Kyai Modjo adalah penasehat spiritual Pangeran Diponegoro.
Kyai Modjo yang lahir pada tahun 1764 ini, wafat pada 20 Desember 1849.
Ia dimakamkan di Kelurahan Wulauan, Kecamatan Tondano Utara, Kabupaten Minahasa.
Makamnya berada di perbukitan nan sejuk. Selain Kyai Modjo, di situ dimakamkan juga Ahmad Rifai, sang pahlawan nasional.
Sesampai di makam, pengunjung akan disambut dengan gapura selamat datang dan papan penanda makam.
Gerbang makam Kyai Mojdo
Memasuki kawasan makam, ada tulisan di papan yang menjelaskan tentang makam Kyai Modjo dan Ahmad Rifai.
Dalam penjelasannya menceritakan rombongan Kyai Modjo yang tiba di Tondano pada akhir tahun 1929 itu berjumlah 63 orang, dan semuanya laki-laki.
Mereka kemudian menikah dengan wanita Minahasa, di antaranya bermarga Supit, Sahelangi, Tombokan, Rondonuwu, Karinda, Ratulangi, Rumbayan, Malonda, Tombuku, Kotabunan, dan Tumbelaka.
Mereka kemudian beranak pinak di Kampung Jawa Tondano.
Ahmad Rifai sendiri dianugerahi gelar pahlawan nasional pada 10 November 2004 oleh Presiden RI Susilo Bambang Yudhoyono (SBY).
Kyai Ahmad Rifai yang lahir di Tempuran, Kendal, Jawa Tengah, adalah salah satu dari sekian tokoh yang bukan bagian pengikut Pangeran Diponegoro yang diasingkan di Kampung Jawa Tondano oleh Belanda.
Kyai Rifai adalah seorang ulama yang juga menikah dengan wanita Minahasa dan memiliki banyak keturunan.
Untuk sampai ke Makam Kyai Modjo, harus mendaki sejumlah anak tangga, hingga ke makam.
Anak tangga ini terlihat rapi dan bersih, diteduhi rimbun dedaunan dan dihiasi rerumputan hijau segar.
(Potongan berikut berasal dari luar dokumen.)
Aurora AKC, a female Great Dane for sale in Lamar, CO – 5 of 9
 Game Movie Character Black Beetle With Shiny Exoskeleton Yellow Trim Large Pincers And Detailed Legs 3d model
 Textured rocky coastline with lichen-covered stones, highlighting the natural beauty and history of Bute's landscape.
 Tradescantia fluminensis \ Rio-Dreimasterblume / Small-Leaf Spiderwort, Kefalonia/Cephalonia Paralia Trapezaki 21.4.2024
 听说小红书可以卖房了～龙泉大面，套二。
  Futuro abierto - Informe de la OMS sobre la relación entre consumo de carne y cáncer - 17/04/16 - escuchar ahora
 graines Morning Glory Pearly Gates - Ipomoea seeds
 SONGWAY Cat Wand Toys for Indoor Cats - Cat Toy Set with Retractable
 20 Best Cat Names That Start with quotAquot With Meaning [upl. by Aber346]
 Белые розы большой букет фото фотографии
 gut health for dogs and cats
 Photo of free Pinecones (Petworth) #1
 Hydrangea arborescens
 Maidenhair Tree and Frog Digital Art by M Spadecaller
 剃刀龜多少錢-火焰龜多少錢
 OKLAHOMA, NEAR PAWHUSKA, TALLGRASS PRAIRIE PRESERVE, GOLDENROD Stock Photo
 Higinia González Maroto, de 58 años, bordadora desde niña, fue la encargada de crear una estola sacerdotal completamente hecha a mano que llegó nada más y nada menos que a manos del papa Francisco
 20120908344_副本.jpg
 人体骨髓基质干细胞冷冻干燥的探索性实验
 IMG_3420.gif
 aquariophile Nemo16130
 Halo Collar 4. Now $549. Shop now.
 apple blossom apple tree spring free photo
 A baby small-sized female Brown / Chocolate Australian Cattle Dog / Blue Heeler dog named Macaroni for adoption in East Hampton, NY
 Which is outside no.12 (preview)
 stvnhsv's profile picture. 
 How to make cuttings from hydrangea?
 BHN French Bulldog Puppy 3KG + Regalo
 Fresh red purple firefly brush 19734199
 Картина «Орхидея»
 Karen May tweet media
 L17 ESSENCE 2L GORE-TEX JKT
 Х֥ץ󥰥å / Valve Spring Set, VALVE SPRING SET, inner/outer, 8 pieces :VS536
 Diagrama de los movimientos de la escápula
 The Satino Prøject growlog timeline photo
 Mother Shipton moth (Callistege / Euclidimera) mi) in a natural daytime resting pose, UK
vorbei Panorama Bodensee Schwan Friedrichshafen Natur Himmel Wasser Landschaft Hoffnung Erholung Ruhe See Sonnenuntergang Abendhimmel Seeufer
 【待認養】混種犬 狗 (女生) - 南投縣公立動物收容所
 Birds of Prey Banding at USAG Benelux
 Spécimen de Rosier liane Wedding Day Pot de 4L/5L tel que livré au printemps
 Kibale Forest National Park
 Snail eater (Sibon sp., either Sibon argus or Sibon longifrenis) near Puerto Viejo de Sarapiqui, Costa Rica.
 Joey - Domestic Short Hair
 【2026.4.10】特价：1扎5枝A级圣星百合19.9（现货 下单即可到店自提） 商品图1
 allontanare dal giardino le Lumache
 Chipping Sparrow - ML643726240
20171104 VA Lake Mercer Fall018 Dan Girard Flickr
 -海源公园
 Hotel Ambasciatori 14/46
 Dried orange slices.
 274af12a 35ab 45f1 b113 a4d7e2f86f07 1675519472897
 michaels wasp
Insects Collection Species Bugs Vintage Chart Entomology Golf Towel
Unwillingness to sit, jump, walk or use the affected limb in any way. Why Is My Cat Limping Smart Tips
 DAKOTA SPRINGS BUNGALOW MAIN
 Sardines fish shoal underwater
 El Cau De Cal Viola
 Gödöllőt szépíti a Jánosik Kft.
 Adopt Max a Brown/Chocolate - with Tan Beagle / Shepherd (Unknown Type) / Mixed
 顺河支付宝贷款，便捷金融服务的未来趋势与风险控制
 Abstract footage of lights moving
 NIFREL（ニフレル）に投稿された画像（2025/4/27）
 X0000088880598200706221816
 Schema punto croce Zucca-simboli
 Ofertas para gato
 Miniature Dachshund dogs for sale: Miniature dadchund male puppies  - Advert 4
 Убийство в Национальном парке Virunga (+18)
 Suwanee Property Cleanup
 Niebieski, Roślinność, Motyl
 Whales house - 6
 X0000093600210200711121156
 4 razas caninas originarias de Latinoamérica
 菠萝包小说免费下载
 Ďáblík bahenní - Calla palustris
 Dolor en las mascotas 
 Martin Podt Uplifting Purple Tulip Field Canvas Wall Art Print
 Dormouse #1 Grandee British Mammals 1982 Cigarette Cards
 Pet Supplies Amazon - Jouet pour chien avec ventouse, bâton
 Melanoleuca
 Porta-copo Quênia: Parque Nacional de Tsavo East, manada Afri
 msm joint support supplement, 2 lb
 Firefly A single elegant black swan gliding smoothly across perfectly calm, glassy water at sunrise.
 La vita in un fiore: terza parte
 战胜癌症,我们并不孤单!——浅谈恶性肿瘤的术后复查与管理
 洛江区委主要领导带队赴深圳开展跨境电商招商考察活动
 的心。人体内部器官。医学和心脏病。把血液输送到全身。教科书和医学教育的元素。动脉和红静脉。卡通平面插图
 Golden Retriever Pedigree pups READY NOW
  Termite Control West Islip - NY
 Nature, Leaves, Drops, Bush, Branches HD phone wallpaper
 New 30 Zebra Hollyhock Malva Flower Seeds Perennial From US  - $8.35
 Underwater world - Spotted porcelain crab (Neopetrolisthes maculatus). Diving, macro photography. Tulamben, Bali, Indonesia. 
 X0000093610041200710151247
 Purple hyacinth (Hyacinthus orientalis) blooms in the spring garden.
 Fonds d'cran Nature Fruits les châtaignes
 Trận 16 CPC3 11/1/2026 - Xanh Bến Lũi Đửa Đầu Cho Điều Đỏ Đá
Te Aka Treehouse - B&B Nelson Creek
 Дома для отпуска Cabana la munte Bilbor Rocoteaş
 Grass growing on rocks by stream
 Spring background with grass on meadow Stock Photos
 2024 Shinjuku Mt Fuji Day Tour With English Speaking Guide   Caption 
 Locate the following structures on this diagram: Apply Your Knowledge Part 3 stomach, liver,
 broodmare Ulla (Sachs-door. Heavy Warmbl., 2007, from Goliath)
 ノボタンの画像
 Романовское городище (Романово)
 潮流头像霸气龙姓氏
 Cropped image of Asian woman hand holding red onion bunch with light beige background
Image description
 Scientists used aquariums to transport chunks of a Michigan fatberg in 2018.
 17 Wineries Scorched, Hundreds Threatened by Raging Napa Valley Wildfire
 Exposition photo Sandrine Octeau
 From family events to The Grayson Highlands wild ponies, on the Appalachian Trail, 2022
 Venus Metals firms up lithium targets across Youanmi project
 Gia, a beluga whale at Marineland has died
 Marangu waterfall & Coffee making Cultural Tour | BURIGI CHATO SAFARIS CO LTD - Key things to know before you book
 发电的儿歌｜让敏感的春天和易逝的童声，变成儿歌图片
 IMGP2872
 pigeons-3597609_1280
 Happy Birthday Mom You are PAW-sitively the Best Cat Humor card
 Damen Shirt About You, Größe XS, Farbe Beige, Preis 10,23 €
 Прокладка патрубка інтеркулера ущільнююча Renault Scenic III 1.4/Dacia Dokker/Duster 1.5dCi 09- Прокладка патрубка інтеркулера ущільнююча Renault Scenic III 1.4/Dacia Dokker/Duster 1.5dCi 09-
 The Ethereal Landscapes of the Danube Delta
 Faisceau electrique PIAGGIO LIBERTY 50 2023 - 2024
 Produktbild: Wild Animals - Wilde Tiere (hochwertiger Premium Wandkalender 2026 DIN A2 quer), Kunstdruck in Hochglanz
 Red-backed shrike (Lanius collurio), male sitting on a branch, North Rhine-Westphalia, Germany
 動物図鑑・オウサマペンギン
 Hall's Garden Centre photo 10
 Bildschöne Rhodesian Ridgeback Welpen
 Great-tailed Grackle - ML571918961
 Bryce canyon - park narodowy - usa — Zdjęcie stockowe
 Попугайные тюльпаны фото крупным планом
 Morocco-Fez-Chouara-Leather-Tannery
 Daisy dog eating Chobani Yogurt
Secara keseluruhan, makam ini terlihat bersih dan terawat.
Makam Kyai Modjo, satu-satunya makam di dalam kompleks yang memiliki undakan sembilan.
Di dalam cungkup Makam Kyai Mojo terdapat makam beberapa orang pengikutnya.
Makam pengikut Kyai Modjo di Minahasa.
Cungkup makam KH Hasan Maulani, yang dikenal juga dengan sebutan Eyang Lengkong, karena berasal dari Desa Lengkong, Garawangi, Kabupaten Kuningan, Jawa Barat.
Kyai Hasan, yang oleh orang Kuningan disebut Eyang Menado, ditangkap Belanda pada 1837 lalu dibawa ke Ternate.
Dari sana dipindahkan ke Kema, dan tiga bulan kemudian dibawa ke Kampung Jaton.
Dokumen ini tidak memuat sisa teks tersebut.